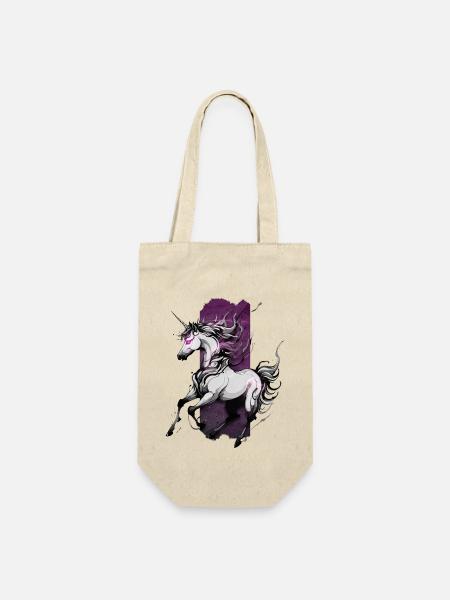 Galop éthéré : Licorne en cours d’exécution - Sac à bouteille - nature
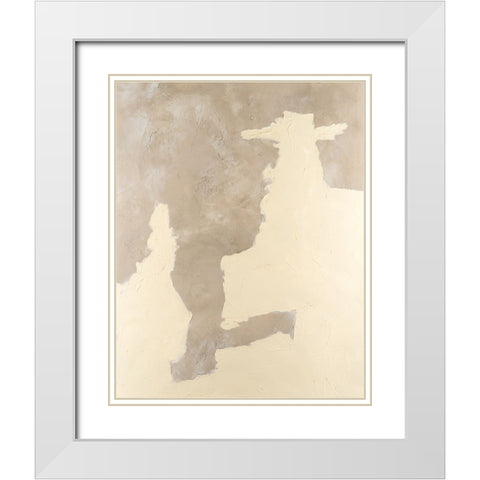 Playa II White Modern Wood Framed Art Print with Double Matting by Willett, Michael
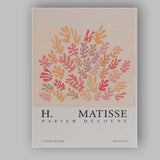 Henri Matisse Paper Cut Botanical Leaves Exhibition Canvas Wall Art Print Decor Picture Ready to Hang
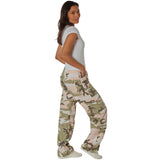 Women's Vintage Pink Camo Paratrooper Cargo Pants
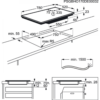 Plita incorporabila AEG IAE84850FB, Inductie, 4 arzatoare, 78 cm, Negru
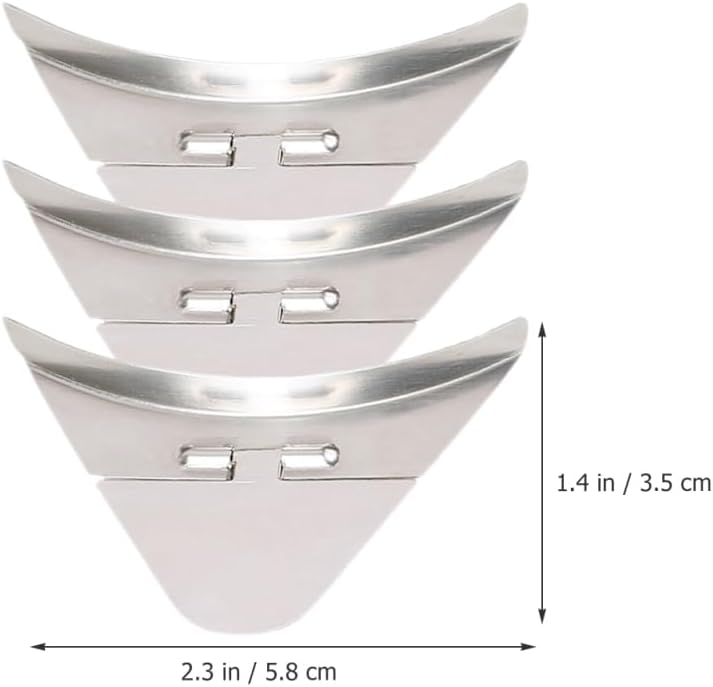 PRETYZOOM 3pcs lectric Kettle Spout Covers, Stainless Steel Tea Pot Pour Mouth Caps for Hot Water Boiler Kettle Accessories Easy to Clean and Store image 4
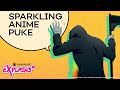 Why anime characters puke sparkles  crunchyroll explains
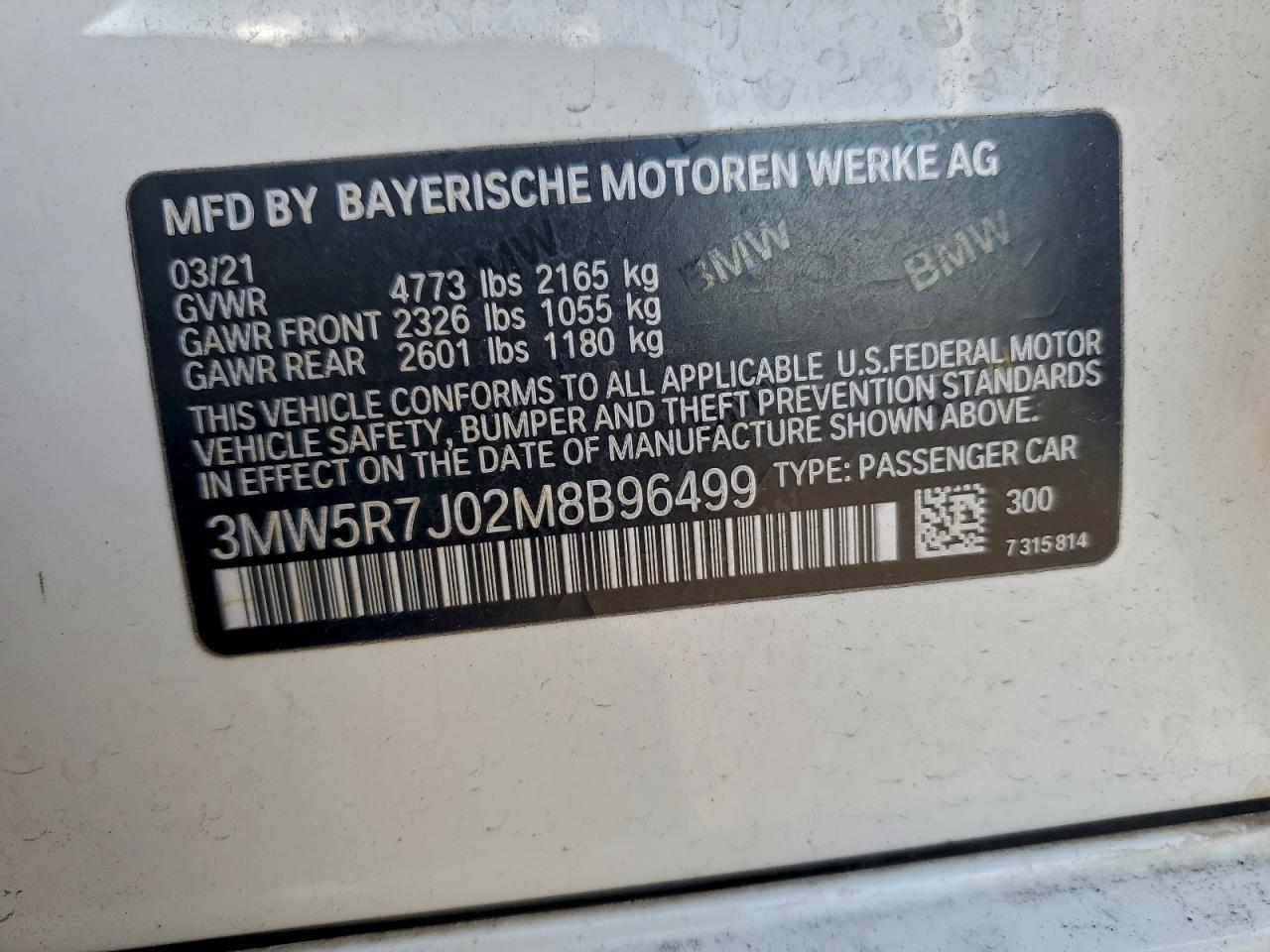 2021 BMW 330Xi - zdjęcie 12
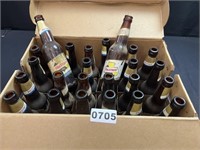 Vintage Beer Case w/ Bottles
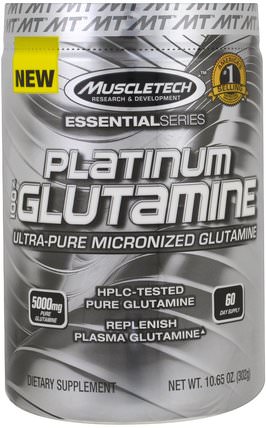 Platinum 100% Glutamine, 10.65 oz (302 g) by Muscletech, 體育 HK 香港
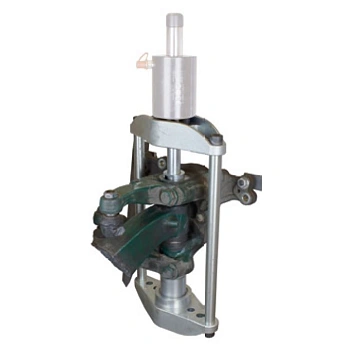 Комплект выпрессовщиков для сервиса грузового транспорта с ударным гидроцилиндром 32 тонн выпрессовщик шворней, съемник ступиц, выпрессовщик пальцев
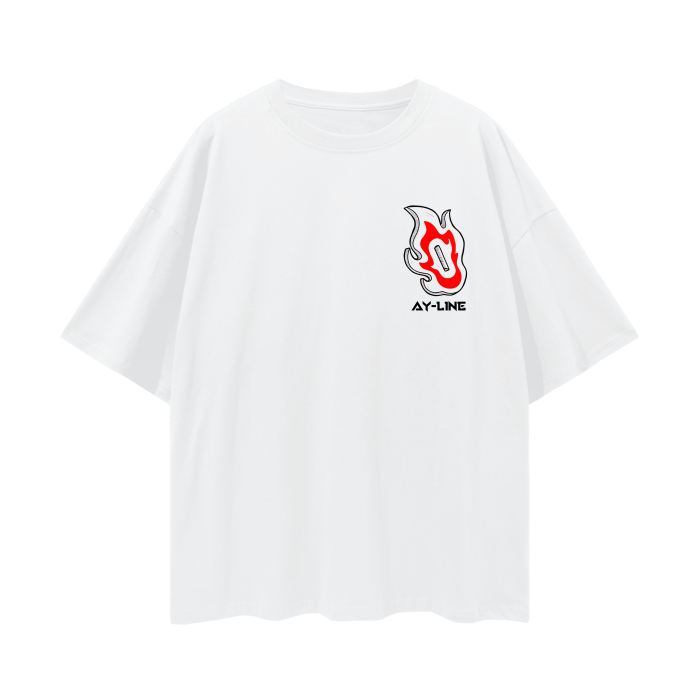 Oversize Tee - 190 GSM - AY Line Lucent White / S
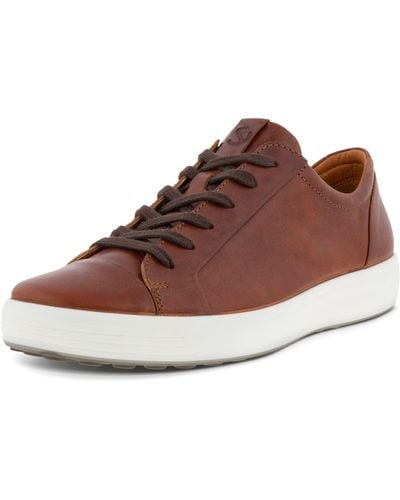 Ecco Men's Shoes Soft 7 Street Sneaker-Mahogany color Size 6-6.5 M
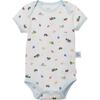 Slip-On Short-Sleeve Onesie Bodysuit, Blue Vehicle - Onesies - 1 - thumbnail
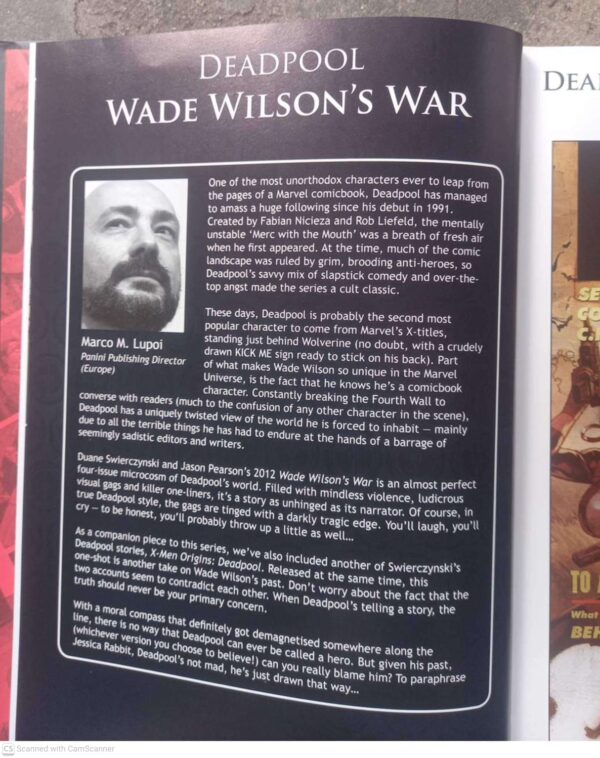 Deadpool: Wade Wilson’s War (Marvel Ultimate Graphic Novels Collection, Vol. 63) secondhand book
= = = =
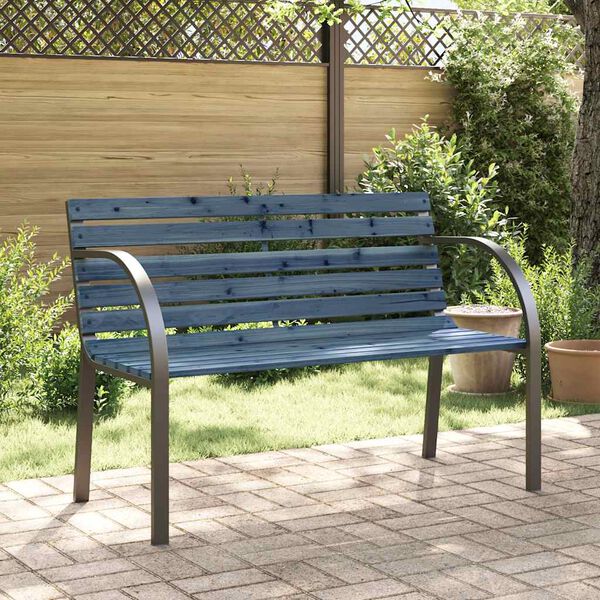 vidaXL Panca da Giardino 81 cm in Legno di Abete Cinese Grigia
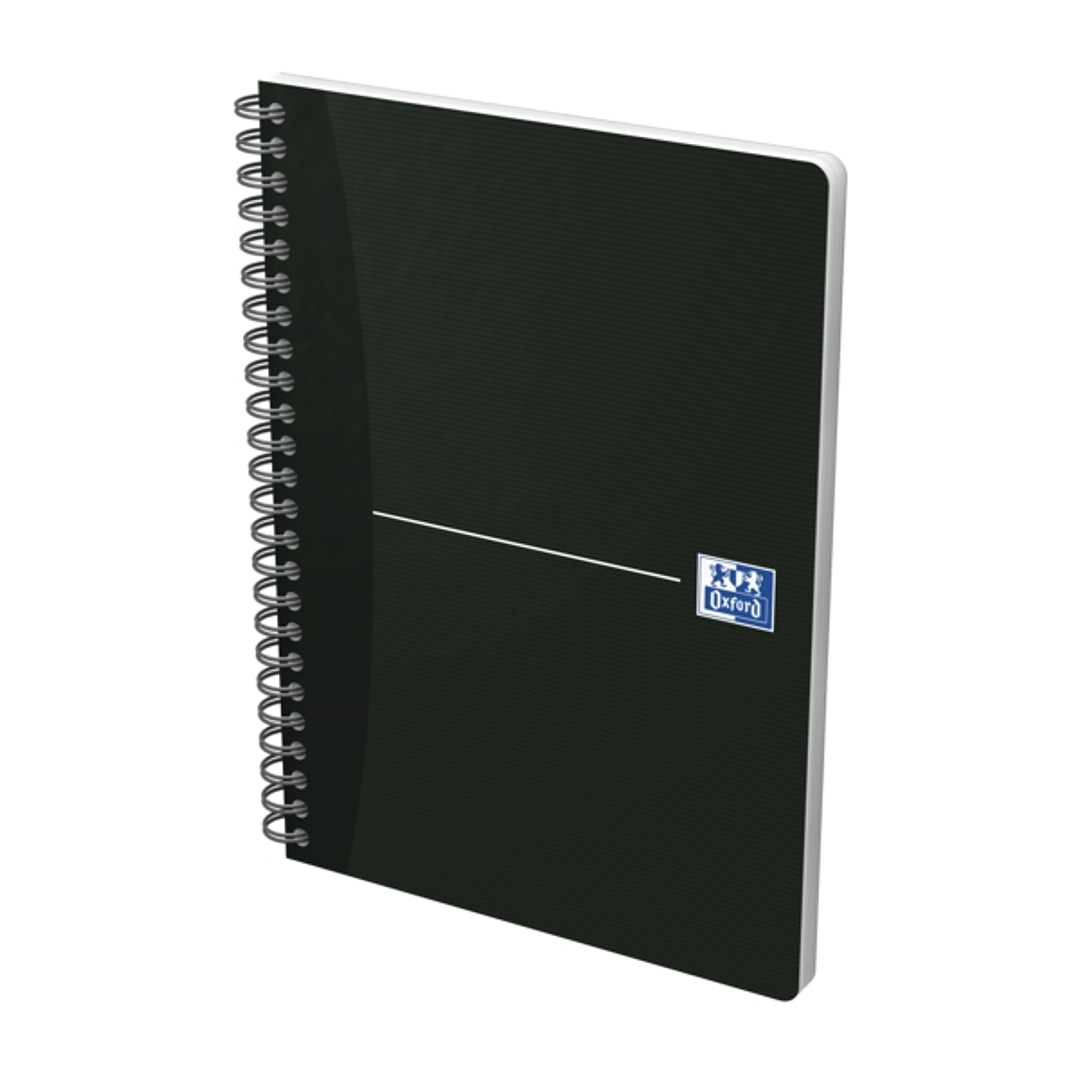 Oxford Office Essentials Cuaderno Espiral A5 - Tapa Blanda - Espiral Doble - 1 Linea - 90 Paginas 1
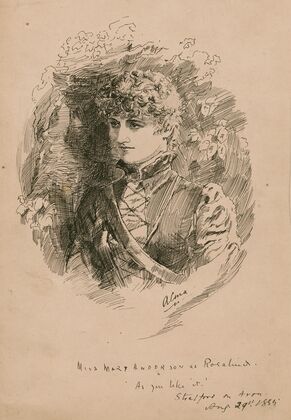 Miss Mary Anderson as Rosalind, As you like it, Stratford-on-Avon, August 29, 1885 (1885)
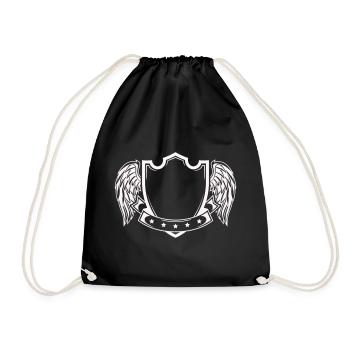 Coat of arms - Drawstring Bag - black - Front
= = = =
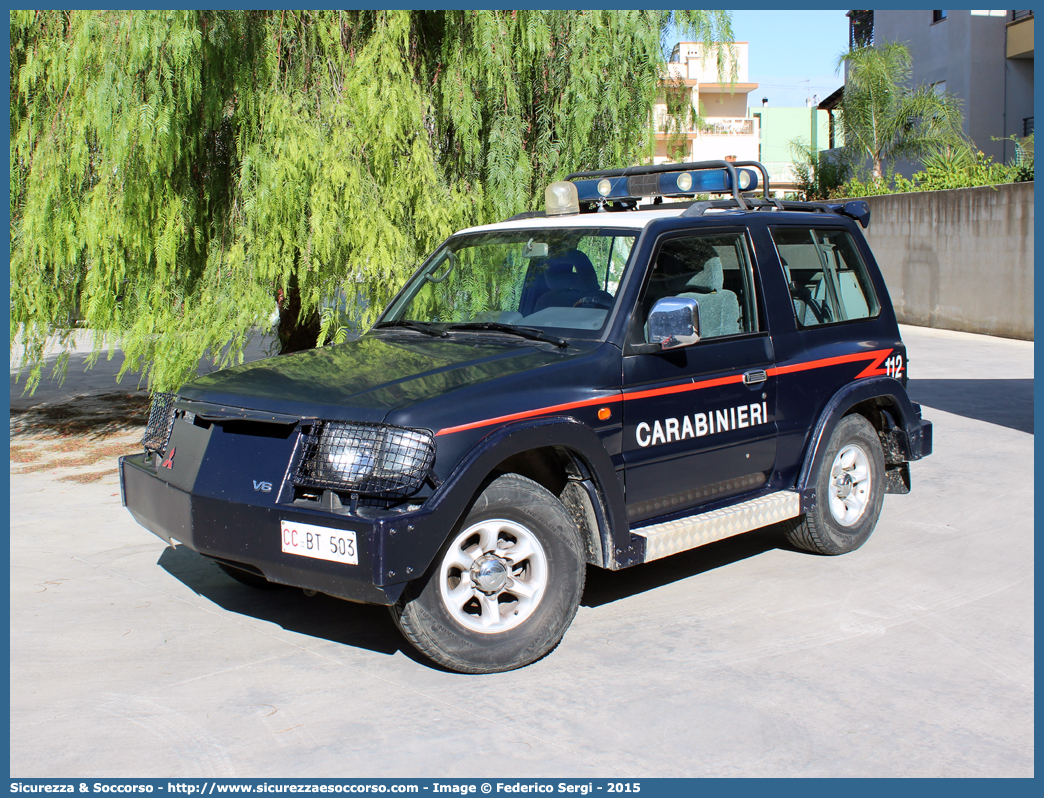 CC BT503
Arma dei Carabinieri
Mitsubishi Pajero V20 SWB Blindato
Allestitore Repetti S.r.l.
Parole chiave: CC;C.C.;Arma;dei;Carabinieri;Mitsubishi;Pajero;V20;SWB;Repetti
= = = =
**What you have to do:** In the data above, the stretch from the line with "vidaXL Panca da" through the line with "Coat of arms" is to be returned exactly, minus any pictures.

**Problem solution:**
 vidaXL Panca da Giardino 81 cm in Legno di Abete Cinese Grigia
 Oxford Office Essentials Cuaderno Espiral A5 - Tapa Blanda - Espiral Doble - 1 Linea - 90 Paginas 1
 Miss Mary Anderson as Rosalind, As you like it, Stratford-on-Avon, August 29, 1885 (1885)
 Coat of arms - Drawstring Bag - black - Front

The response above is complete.